The whip, says Woolrich, is generally made of plaited cowskin, with a thick strong lash. It is so formidable an instrument in the hands of some of the overseers, that by means of it they can take the skin off a horse's back. He has heard them boast of laying the marks of it in a deal board, and he has seen it done. On its application on a slave's back he has seen the blood spurt out immediately on the first stroke.[1]


[2] Nearly the same account of its construction is given by other evidences, and its power and effects are thus described. At every stroke, says Captain Smith, a piece of flesh was drawn out. Dalrymple avers the same thing. It will even bring blood through the breeches, says J. Terry; aud such is the effusion of blood on those occasions, adds Fitzmaurice, as to make their frocks, if immediately put on, appear as stiff as buckram; and Coor observes, that at his first going to Jamaica, a sight of a common flogging would put him in a tremble, so that he did not feel right for the rest of the day. It is observed also by Dr. Harrison and the Dean of Middleham, that the incisions are sometimes so deep that you may lay your fingers in the wounds. There are also wheals, says Mr. Coor, from their hams to the small of their backs. These wheals, cuts, or marks, are described by Captain Thompson, Dean of Middleham, Mr. Jeffreys, and General Tottenham, as indelible, as lasting to old age, or as such as no time can erase, and Woolrich has often seen their backs one undistinguished mass of lumps, holes, and furrows.


  1. The military whip, says General Tottenham, cuts the skin, whereas that for the negroes cuts out the flesh.
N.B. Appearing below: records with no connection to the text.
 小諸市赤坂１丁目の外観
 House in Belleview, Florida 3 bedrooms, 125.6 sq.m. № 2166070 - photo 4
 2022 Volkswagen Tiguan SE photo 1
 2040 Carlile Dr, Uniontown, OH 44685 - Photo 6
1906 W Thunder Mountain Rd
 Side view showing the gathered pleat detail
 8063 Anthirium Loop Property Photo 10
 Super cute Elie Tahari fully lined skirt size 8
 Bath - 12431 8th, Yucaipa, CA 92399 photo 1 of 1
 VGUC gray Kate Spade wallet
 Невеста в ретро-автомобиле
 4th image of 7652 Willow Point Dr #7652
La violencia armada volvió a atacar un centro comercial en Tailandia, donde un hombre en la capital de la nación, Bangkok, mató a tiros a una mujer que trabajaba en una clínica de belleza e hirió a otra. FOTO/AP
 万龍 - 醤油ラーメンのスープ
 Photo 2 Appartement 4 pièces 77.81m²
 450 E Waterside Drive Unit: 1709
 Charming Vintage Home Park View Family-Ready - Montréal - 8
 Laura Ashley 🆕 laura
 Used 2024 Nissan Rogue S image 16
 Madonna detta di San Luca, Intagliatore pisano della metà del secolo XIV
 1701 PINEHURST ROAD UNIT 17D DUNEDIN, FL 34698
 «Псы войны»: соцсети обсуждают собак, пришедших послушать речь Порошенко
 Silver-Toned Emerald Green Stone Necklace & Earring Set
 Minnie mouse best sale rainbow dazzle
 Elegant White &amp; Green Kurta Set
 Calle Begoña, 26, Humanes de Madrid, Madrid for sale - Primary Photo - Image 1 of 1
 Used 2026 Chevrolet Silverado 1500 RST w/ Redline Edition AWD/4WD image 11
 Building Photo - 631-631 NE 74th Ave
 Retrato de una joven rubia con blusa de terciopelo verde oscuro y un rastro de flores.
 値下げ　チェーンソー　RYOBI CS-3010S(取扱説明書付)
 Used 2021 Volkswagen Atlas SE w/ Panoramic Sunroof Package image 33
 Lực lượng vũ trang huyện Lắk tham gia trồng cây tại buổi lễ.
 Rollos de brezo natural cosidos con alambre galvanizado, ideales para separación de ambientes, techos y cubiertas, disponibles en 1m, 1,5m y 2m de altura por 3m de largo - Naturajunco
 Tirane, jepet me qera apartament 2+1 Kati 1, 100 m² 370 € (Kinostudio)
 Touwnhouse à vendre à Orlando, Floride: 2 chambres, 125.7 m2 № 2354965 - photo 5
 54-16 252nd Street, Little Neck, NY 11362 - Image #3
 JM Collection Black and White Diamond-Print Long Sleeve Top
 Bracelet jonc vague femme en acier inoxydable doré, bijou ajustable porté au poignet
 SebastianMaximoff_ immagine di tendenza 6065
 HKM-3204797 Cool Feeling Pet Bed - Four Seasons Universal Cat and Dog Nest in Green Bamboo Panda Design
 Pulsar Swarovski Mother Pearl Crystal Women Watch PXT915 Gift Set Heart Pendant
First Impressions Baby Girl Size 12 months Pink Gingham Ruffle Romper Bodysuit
  2. Dr. Jackson and others mention another kind of whip in use, which they describe to be like what our waggoners use, and to be thrown at the distance of three or four paces, which the former observes greatly increases the weight of the lashes. To this whip Captain Cook alludes, when he says, a dextrous flogger could strike so exactly as to lodge the point of the lash just within the flesh, where it would remain till picked out with his finger and thumb.